The people who cancel are killers. They kill with fake compassion. They snatch a banner of hurt like racism, ableism, Islamo- or trans-phobia, then seek and destroy a suspect who fits that description. They obliterate your reputation, ruin your associations, neutralize your earning potential, and leave you good as dead. I mean dead with absolute prosecutorial conviction. They are killers in every way except stopping bloodflow.
I am talking about poisonous white women, several of them in-home daycare providers with no relationship to Como Park High School, and others quite clever activists, like Andrea Morisette-Grazzini, Beth Hawkins, Beth Jackson, Joanne Hodgeman, and Emily Flower. These sad white women’s brains exploded onto social media when, among urban dialect, I also used my 20-year mastery of AAVE, African American Vernacular English, in portraying fictional children students. Even my teacher union attorney whose dues I paid my whole career, Meg Luger, called me a racist and told me I had no right to use such fluency. She seemed apoplectic in 2016 that I possessed such skill, let alone swung it around liberally in my blog, like, with impunity! She and business agent Leah Lindeman’s expressions said in that union conference room, How could you! Why wasn’t I ashamed of myself? Again, they are white women who worked for the Saint Paul Federation of [then] Teachers.

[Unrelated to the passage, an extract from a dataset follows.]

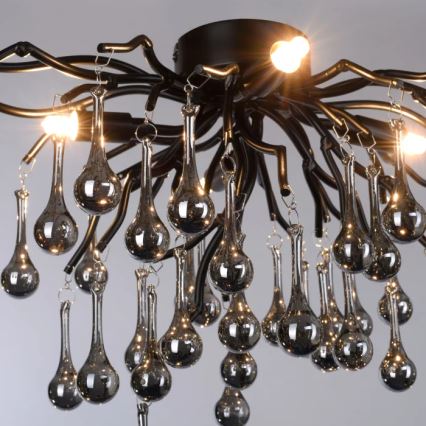 Paul Neuhaus 8090-18 - Lustre à montage en saillie ICICLE 4xG9/40W/230V 30x60 cm noir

Anyway, it’s actually a really good thing for my writing that I took on the vow of silence my lawyer warned me to uphold, lest I faced termination. Weird things happen to you when you are murdered. Your mind jokes, stories warp in a curved fun show mirror, true memories leak through a sieve fast as your friends leave, and your self-esteem dribbles as from a coroner’s floor drain.
Now I’m brand-new.
Now I’ve gotten to shine up the pieces and pop them out fully formed. There’s no substitute for decent fiction.
This is the fun part. Drafting was a blast in 2014. Revision through 2019 sucked, but I learned a ton from my mentor, Jane Resh Thomas, and my phenomenal writing group, themselves great authors with eagle eyes and dispassionate advice. Thank you, Katy, Laurie, Julie, Shari, Bruce, and all the others who have been to group and dared to share your own work. You are brilliant. I love listening to your stories.
I will keep bringing this silly stuff to you. Thank you so much — again — for being subscribers! You have made this past year so fun!